Heavy snow this week has wreaked havoc across County Durham causing hazardous driving conditions for motorists. It is the earliest widespread snowfall for 17 years. The whole region has been blanketed with snow with these arctic conditions gripping the region and causing havoc on our roads.
In County Durham, overnight snow and ice closed more than 100 schools as road conditions got steadily worse during the day with prolonged snow showers. The sheer relentlessness of the snowfall was causing headaches for drivers, with roads being covered by a blanket of snow which was getting deeper and deeper by the second. Road conditions were exceptionally difficult.
The savage conditions have brought chaos to the region’s roads. Police described conditions as very difficult and a spokesman said: “Our advice at the moment is that unless your journey is essential then motorists should consider delaying or postponing that journey’’.
There was early morning chaos in Bishop Auckland. Early morning drivers dumped their cars and walked back home after struggling to get up the hills, with some of them struggling to control their cars on the downward slopes. Many of the side roads were impassable, with thick snow trapping cars within its grip.
I’m writing this article on Wednesday 1st December. The snow has now been with us a week, and its still coming down in torrents. In fact the roads today around our town are the worst they’ve been so far. You expect bad conditions on the side roads, but today even our main roads are covered with layers and layers of snow, and are proving treacherous. I’ve spent the morning helping drivers push there cars to help them get moving. They’ve been stuck in almost 2 foot of snow. It’s unbelievable.
At times it was like a blizzard, and you couldn’t see more than a foot or two in front of your car. It’s so important to know how to drive safely in bad weather. How to get out of a skid for one. So I thought to myself that as my blog is about healthy lifestyles, surely driving safely in treacherous snowy conditions is as important as eating healthily at a time like this.

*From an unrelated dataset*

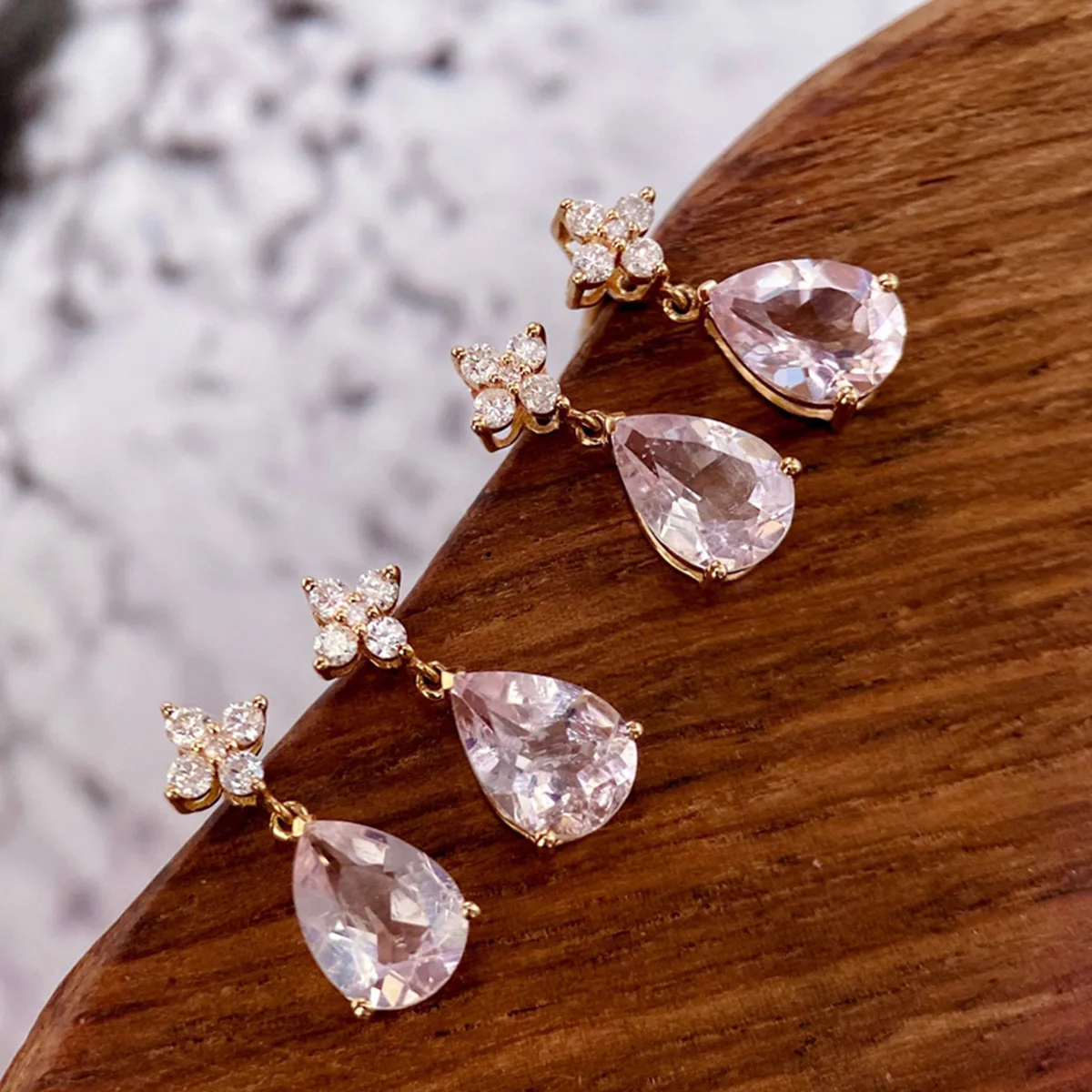 

S925 Sterling Silver Pink Teardrop Ear Studs Elegant Transparent Crystal Minimalist Design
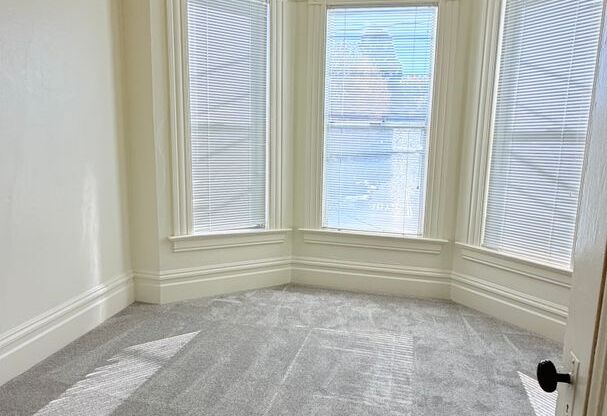 3 beds, 1 bath, $2,895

So here I am going to provide some driving tips in snow.
The best advice for driving in bad winter weather is not to drive at all, if you can avoid it. Stay home, and you’ll be safe. Well if I stop here you may think I’ve short changed you, so if circumstances are such that you just can’t avoid driving, try to wait until the snow plows and sanding trucks have had a chance to do their work, and allow yourself extra time to reach your destination.
It makes sense not to travel in the first place, but some journeys might be essential. If you must venture on to the roads, proceed with extreme caution and heed these driving Tips in Snowy conditions:
1. Decrease your speed and leave yourself plenty of room to stop. You should allow at least three times more space than usual between you and the car in front of you. Driving too fast is the No. 1 winter driving error. Slippery roads make every mistake happen faster and more dramatically. And don’t think antilock brakes, stability systems or other vehicle control mechanisms will help you if you’re sliding.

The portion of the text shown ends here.